Once again time to look at another one of the most important games of all time with Mario’s leap into the 3rd dimension. I’ve touched on the later entries to 3d Mario and now it’s time to look at how it all began… for 3d Mario we haven’t gone to look at Donkey Kong the arcade game just yet.
Now the leap into 3d is an exceedingly difficult one for gaming. Some never survived that leap or at least completely messed up while others chose not to bother and remained 2d. It’s a difficult job introducing a whole new dimension into gaming and translating a game play style into that. With platforming there were some solutions one of the most famous being the one done by Crash Bandicoot. But Mario took a different path.

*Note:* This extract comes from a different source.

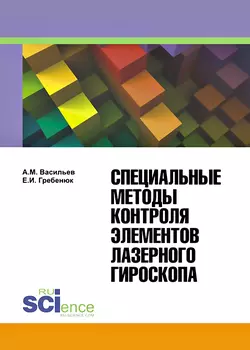 Специальные методы контроля элементов лазерного гироскопа, А. Васильев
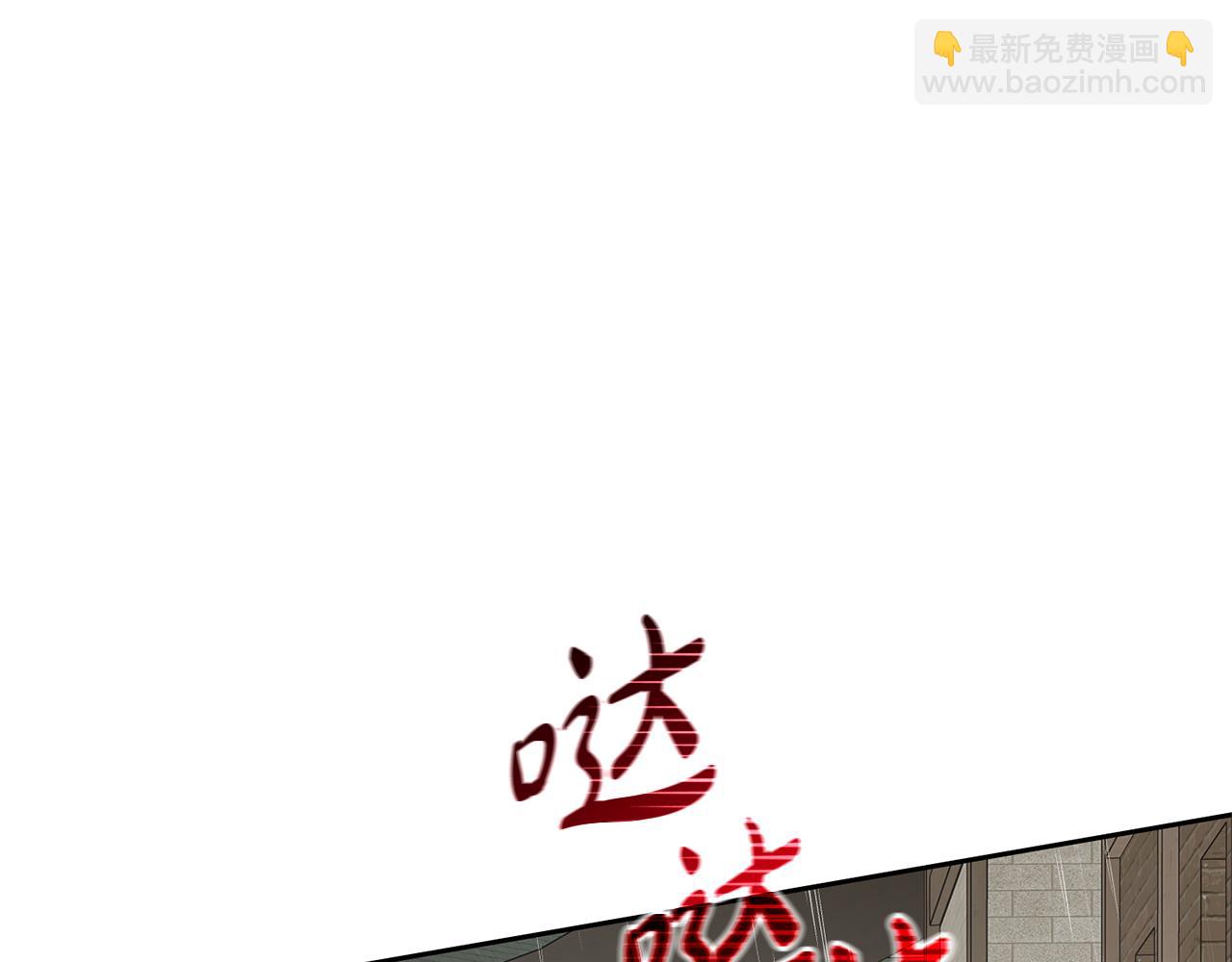 第80话 救下少年(1/5)-第80话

With Mario 64 you are allowed full reign over the direction Mario can move (within reason, he’s not going to come out of the TV except in your nightmares). Rather than the courses or running to the end, Classic Mario and Crash had done, Mario 64 would drop Mario into a mini world for you to explore and run around, completing a certain task to getting a power star for completing that task. These would range from beating a boss, winning a race, collecting 8 red coins or maybe just blowing a hole in a wall.
The game opens up by Princess Toadstool, now for the first time in the West, as Peach inviting you over for cake (where that joke came from) only to find Bowser has taken over, captured all the power stars and imprisoned everyone in the walls. Magically they have brought the paintings to life creating the worlds you will explore. Foolishly Bowser left one of the doors unlocked allowing you to enter your first world to get power stars and start unlocking the rest.
The game fairly forcibly controls your choices at the start limiting the worlds you have access to for the first region of the castle while later ones allow more freedom of choice of worlds to choose. This was most likely to allow new players to get used to Mario’s 3d controls.
Mario controls very smoothly with punches introduced as a regular ground attack, kicks for in the air and not moving too fast. But main part is the jumping. He has triple jump – if you time your jumps to when you just land. A long jump, a wall jump… Basically enough jumps that allow some people to break the game. The camera is controlled by the player which sets him apart from many other 3d platformers of the time too. While in default it will follow behind , you can have it controlled to look in the direction you want (though trust me there are a few levels that the camera can get annoying, usually in enclosed spaces).
While the main game can be beaten by getting 70 stars and beating the final Bowser fight (a fight clearly designed to show off the 3d stick of the controller) there are additional rewards if you collect all 120 stars in the castle, some of which Bowser didn’t know. While nothing too wonderous the task isn’t as horrible as some other games and it will put a smile on your face as a reward for doing it.
I was able to recomplete this game thanks to it being part of the Mario 3d All-Stars on the Switch and I did enjoy doing it… well except for getting 100 coins on the clock level… yeah some of the later levels seem to be lacking in imagination, especially in the music department.. Well ok only the last two levels. The rest of the music has stood the test of time with many covers especially of the final Bowser fight. It’s one of those that gives what is meant to be a somewhat cartoon esc villain a really imposing feeling.